Questions #1

ZegerUser · 2024-06-05T20:25:01Z

Hello,

I recently came across your experiments on the so-vits-project link. Since I wanted a way to generate unique voices without the degredation when merging models.
Your results are promising.

But I have a few questions:
Did you do any further experiments on this?
Could this also work on RVC?

this is maybe a crazy idea but after some thinkering around with emb_g weights from rvc and so-vits I saw that almost all of the single speaker models use the same pretrained multispeaker model. But after looking at the emb_g weights I saw that they where different. But could it be possible to "reconstruct" the original pretrained embeddings from the trained single speakers and then scale the embedding of the single speaker. So we could just scrape models from sites and create a big dataset of embeddings and also create a very general model by summing all the generators with each other. This would reduce the compute cost immensely to create a robust enough model to create new voices.

I don't know enough about math and how these models work to know if this could work.

Zeger

sbersier · 2024-06-06T22:12:07Z

Hi,
I didn't respond immediately since I wanted to take a moment to think about your questions.

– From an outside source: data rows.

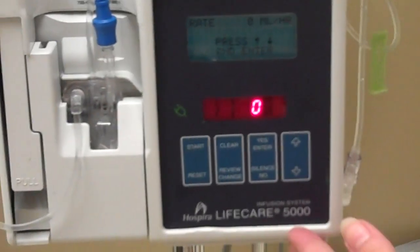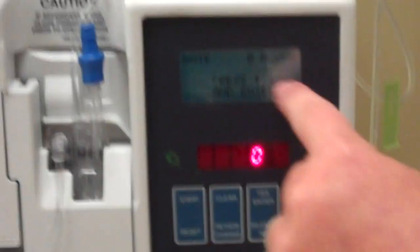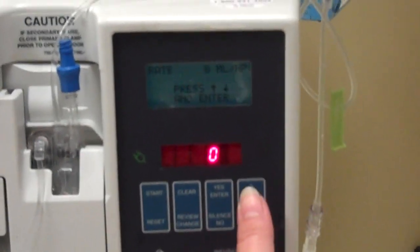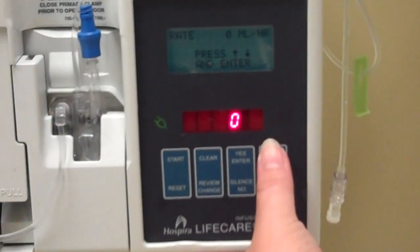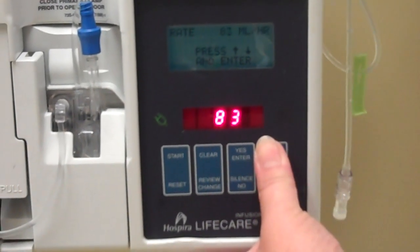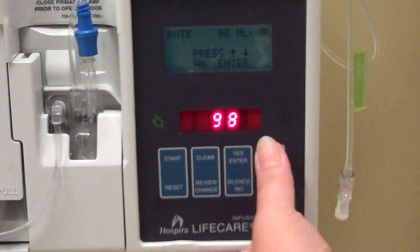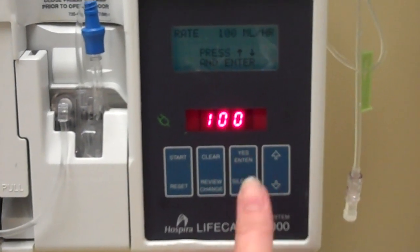It's asking for the rate — the rate of the primary. It tells you exactly what to do if you follow the directions. It says press up or down and enter. After checking your orders, I'm going to press up. We'll put it at 100 cc an hour, so I'm going to go up to 100. It will move fast, it will move slow — don't worry if you go over. 100, and then enter.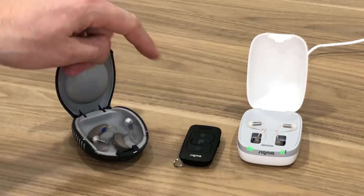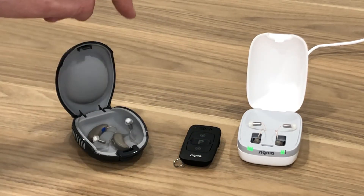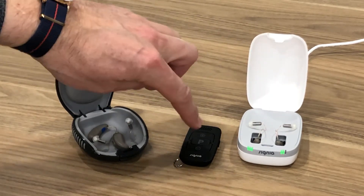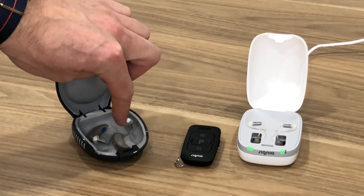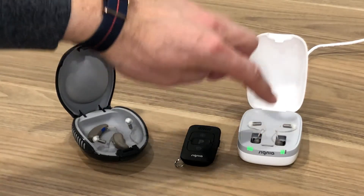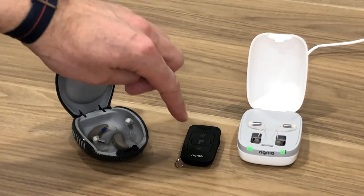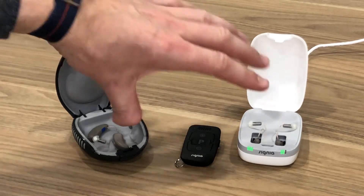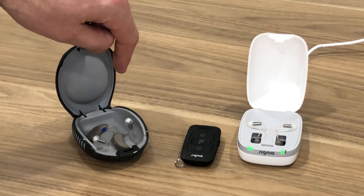In today's video I'm going to show you how to pair the remote to the hearing aids. When we talk about pairing, what it means is once this remote is paired to these hearing aids it would only control these hearing aids. So if you're out in public and you're using your remote, you're not going to be adjusting people's hearing aids around you if they have a similar product — they're matched to the specific hearing aids.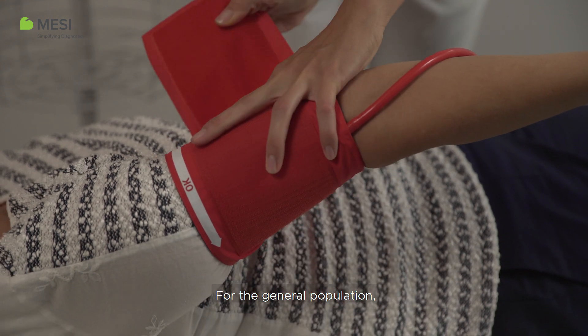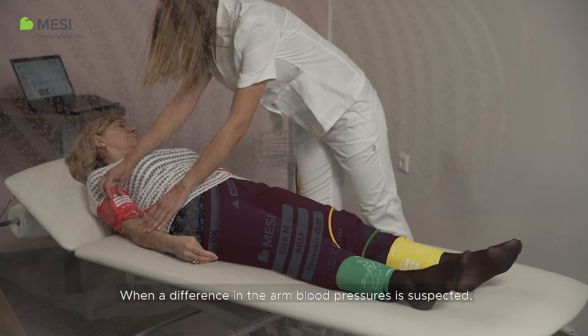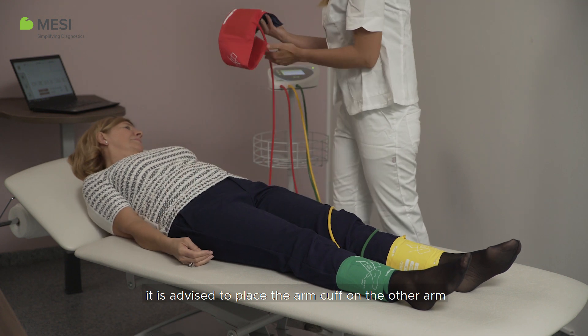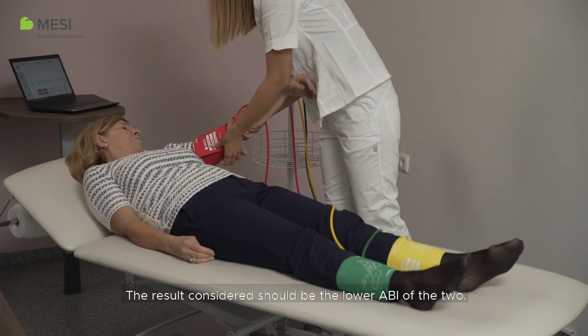For the general population, performing a three-cuff measurement is sufficient. When a difference in the arm blood pressure is suspected, it is advised to place the arm cuff on the other arm and repeat the measurement. The result considered should be the lower ABI of the two.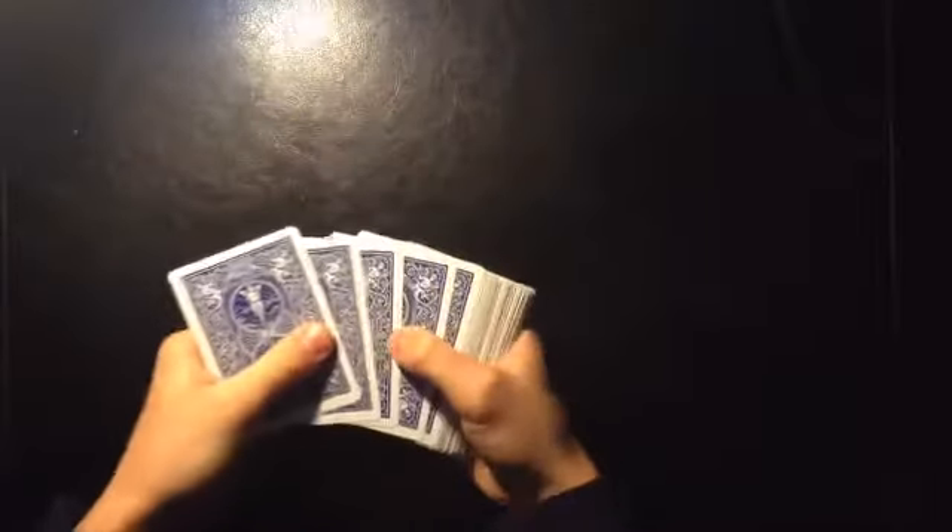Then you're going to give the deck a little bend. Now what you're going to do is just count off thirteen cards: one, two, three, four, five, six, seven, eight, nine, ten, eleven, twelve, thirteen.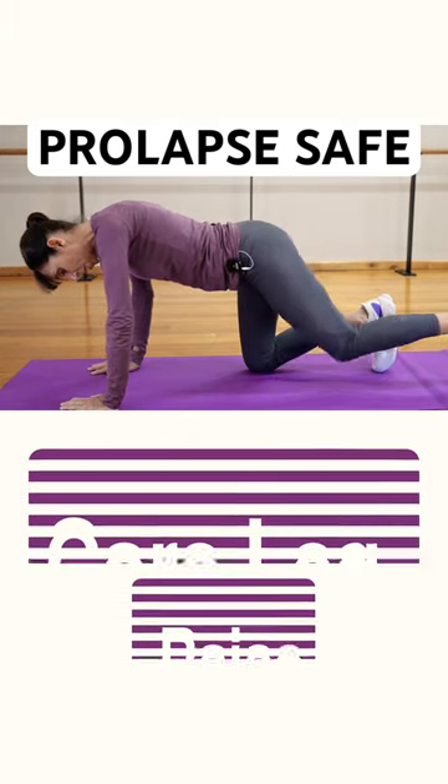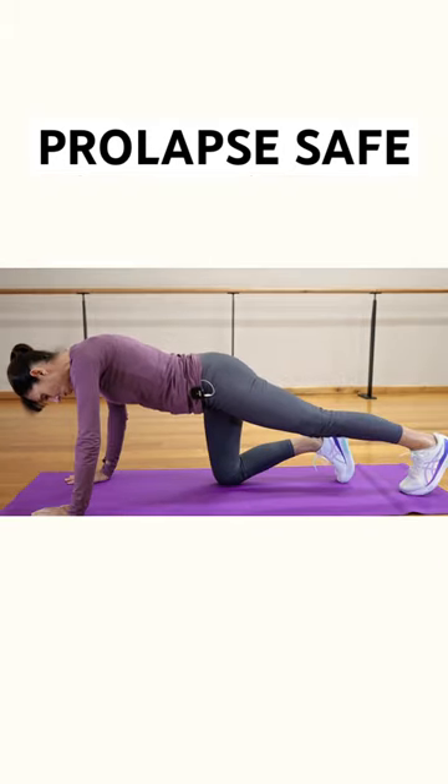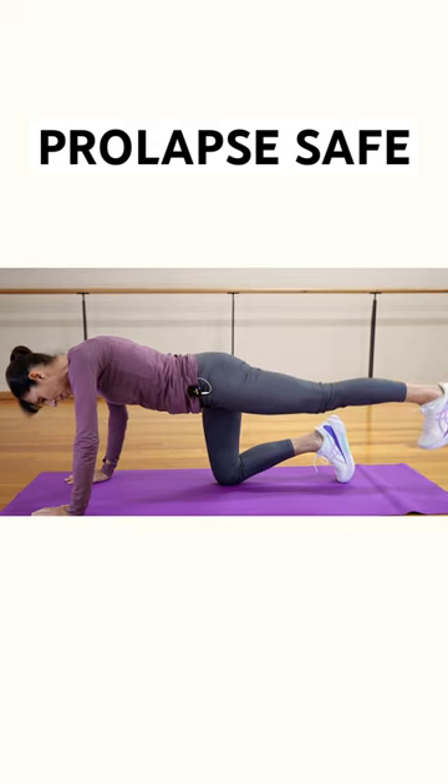Let's take one leg out behind. Tummy muscles are on in that position. You might like to hold it there, or you can progress to actually lifting that leg off the ground.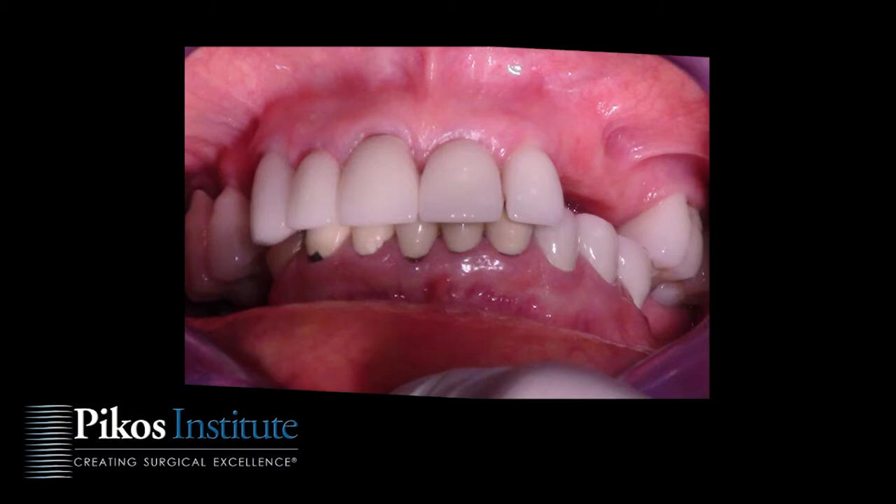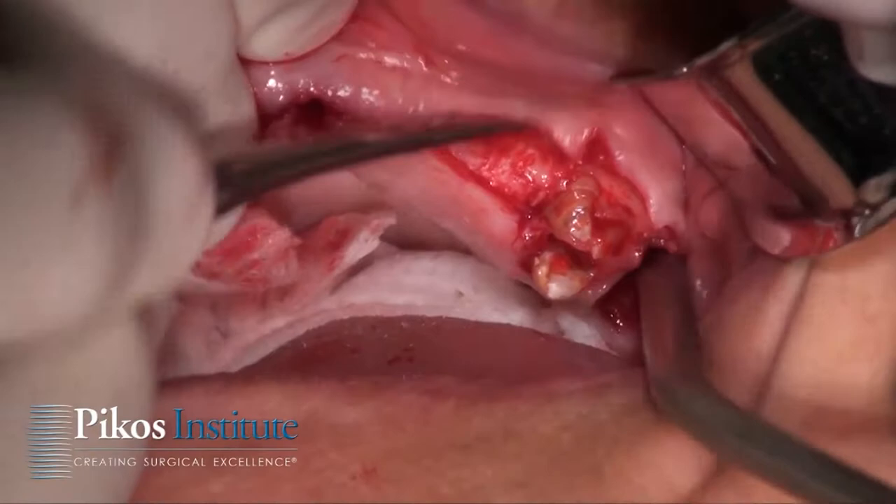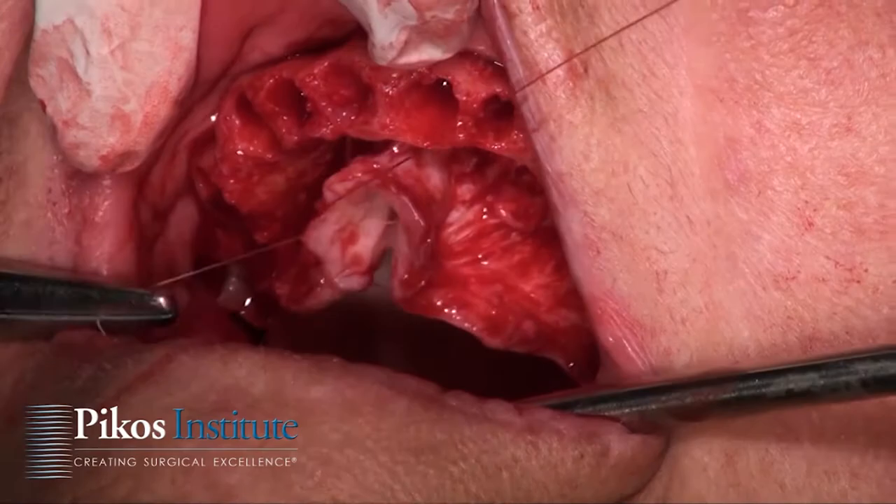So let's look at this video clip. This is a patient in her late 50s who came to us with what we call terminal dentition — just some remaining maxillary teeth that are not in good repair. As you're seeing here, we're addressing the maxillary arch with a full flap reflection.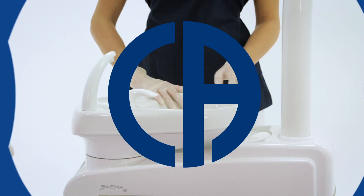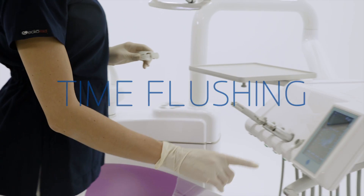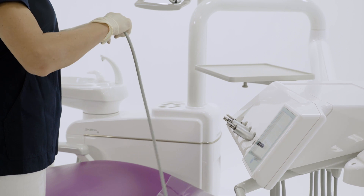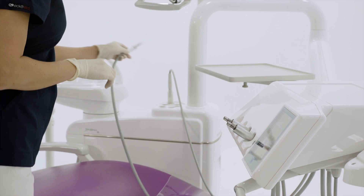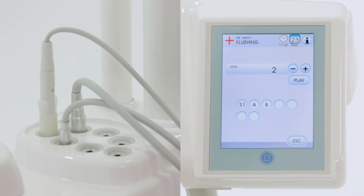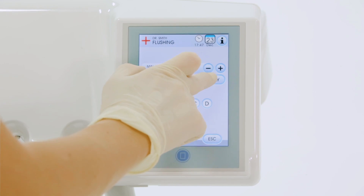From the full touch control panel, the assistant prepares to run the flushing cycle before removing the instruments, setting a personalized cycle time. Then the instrument hoses are placed in the specially provided tub.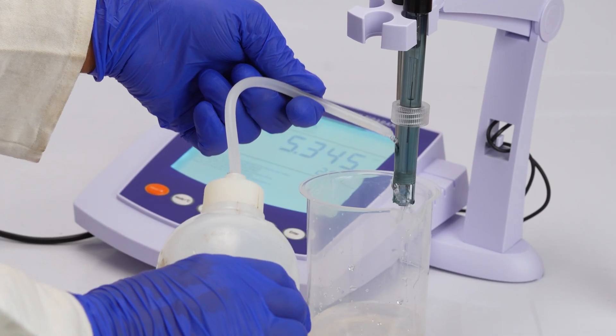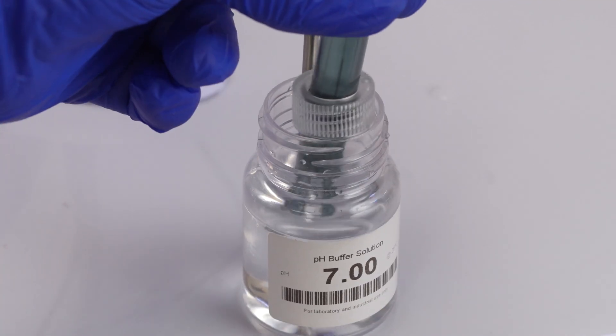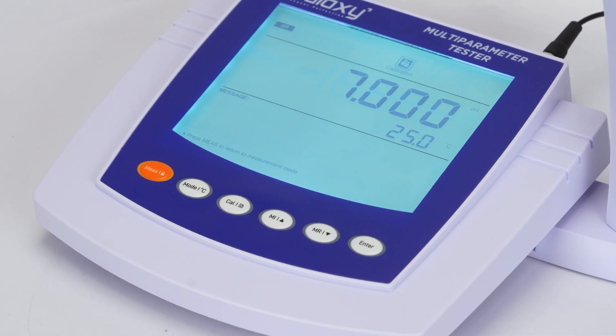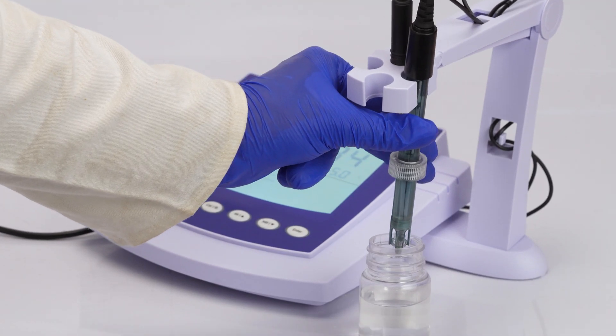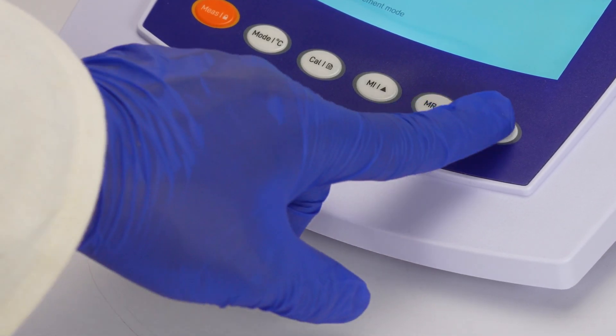Rinse the electrode and immerse it in the first buffer at pH 7, then press enter. When cal two displays, rinse the electrode and immerse it in the second buffer at pH 4.01, then press enter.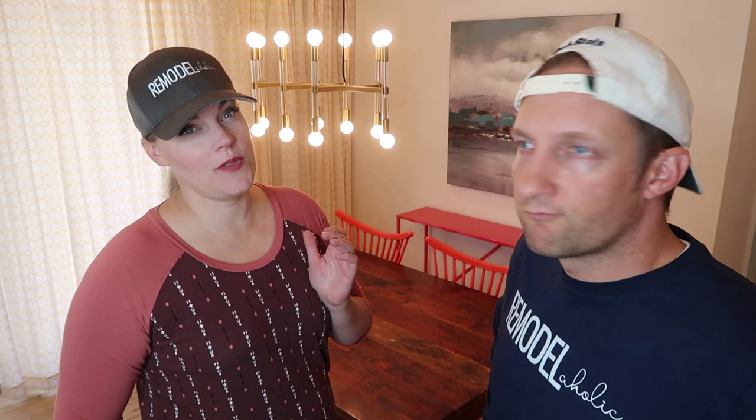Hey Remodelaholics, welcome back to our DIY channel. Justin and Cassidy here. There are only four of us at home normally and this table setup works perfectly, but if you'll notice, this table does not have a leaf. So that's a problem for Thanksgiving where we have 25 people coming.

I didn't do any further experiment. It could be improved but it would need hundreds of voices.

Would it be possible to use voices available on the web (ie. hugginface)?
Honestly, I can't give you a definitive answer. But, just by curiosity, I downloaded a model from hugginface (checked that the configurations files were compatible) and gave it a try. That is, I copied the voice embedding form the downloaded model and put it into the G_38_speakers_0_v74.pth model.

The result from the original downloaded model (voice of agent-47 in https://huggingface.co/chameleon-ai/so-vits-svc-models/tree/main):

a.mp4

The result obtained by transferring the voice embedding to G_38_speakers_0_v74.pth:

b.mp4

The result is not good. It seems that the voice embeddings are intimately related to the rest of the model. If true, this means that there is no other way than training a multispeaker model including hundreds of speakers, starting from D_0.pth, G_0.pth and the audio data.

And, since it (probably) doesn't work between two svc models, I don't think you can transfer voice embeddings between so-vits-svc and RVC.

Best regards,
S. Bersier

ZegerUser · 2024-06-06T23:08:29Z

Hello, thanks for your response

After my comment from yesterday I also did some small experiments.

I tried transfering embeddings from a trained model to the original pretrained without luck like you said they are somehow related to the whole model.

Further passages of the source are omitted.